According to multiple studies, timeouts are more valuable than good field position late in a football game. Timeouts are also effective at "icing" the kicker and the proper use of timeouts on offense forces the defense to change strategy. Simply put, effective time management on the gridiron leads to wins. Deepen your appreciation for the game by understanding the difference between pro and college timeout rules.
Reload Every Half
Both NCAA and NFL football grant three timeouts per half of play. These timeouts do not role over to the next half, so you are likely to see timeouts called more casually during the first half. Any active player on the field or the head coach can call a timeout. In NCAA football, a substituting player coming into the game can also call a timeout if he is within the hash marks in the middle of the field. All other players and coaches are ineligible to call time.

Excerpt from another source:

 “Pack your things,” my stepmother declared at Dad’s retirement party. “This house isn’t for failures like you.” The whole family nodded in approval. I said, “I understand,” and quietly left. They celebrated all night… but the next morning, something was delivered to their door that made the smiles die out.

Each timeout in NCAA football is 90 seconds long while NFL timeouts can vary in length. If television coverage goes to a commercial break, then the timeout lasts two minutes. But if coverage stays on the field, the timeout lasts only 30 seconds. NCAA allows the team that called the timeout to cut the break short, returning to the field before the 90 seconds are up. But, for this to happen, the opposing team also has to be on the field and express readiness to the ref.

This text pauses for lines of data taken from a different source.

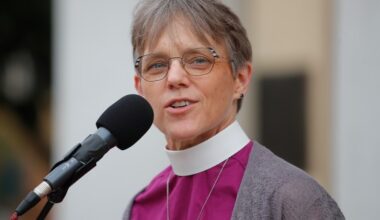 Bishop Budde among the Swedes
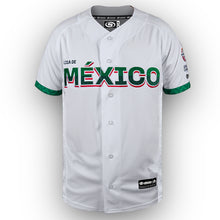 Load image into Gallery viewer, 2023 LaMP ARCO Serie Del Caribe Mexico Authentic Jersey - White
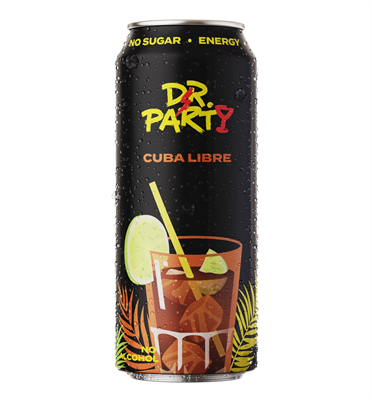 Dr Party Cuba Libre 450мл - фото 16008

The game clock stops for injured players on the field. The player must be removed and sit out for at least one down. To deter fake injuries, the NCAA enforces a 10-second runoff of game clock if the injury takes place with under a minute to go in either half. Calling a full timeout prevents the runoff. The NFL charges a full timeout if the injury takes place after the two-minute warning of either half, unless a penalty caused the injury. If the team is out of timeouts, a 10-second runoff of game clock occurs, with an extra 5-yard penalty and 10-second runoff for subsequent injuries.
In both the NCAA and NFL, each team may call a timeout during the same break in play, but neither can call two consecutive timeouts before another down is played. In fact, the NFL considers calling two consecutive timeouts for the purpose of icing a kicker unsportsmanlike conduct, resulting in a 15-yard penalty.
NCAA overtime gives each team one possession at the opposing 25-yard line. Each possession is considered a period and both teams are given one timeout to use during each period. Periods are played until the tie is broken. Regular-season NFL games feature a 15-minute overtime period. Each team is granted two timeouts per overtime period. But postseason NFL games play overtime indefinitely, until the tie breaks. Both teams receive three timeouts per 30 minutes of overtime play.
NFL Instant Replay Challenge
An NFL coach can throw a red flag in between downs to challenge certain rulings on the field. The refs then watch the call in question on instant replay, upholding or overruling the call. A coach can challenge twice per game, but must wager one timeout. An incorrect challenge results in the loss of that timeout. Get two challenges correct and receive a third challenge. All challenges are automatic with under two minutes left in either half or overtime period.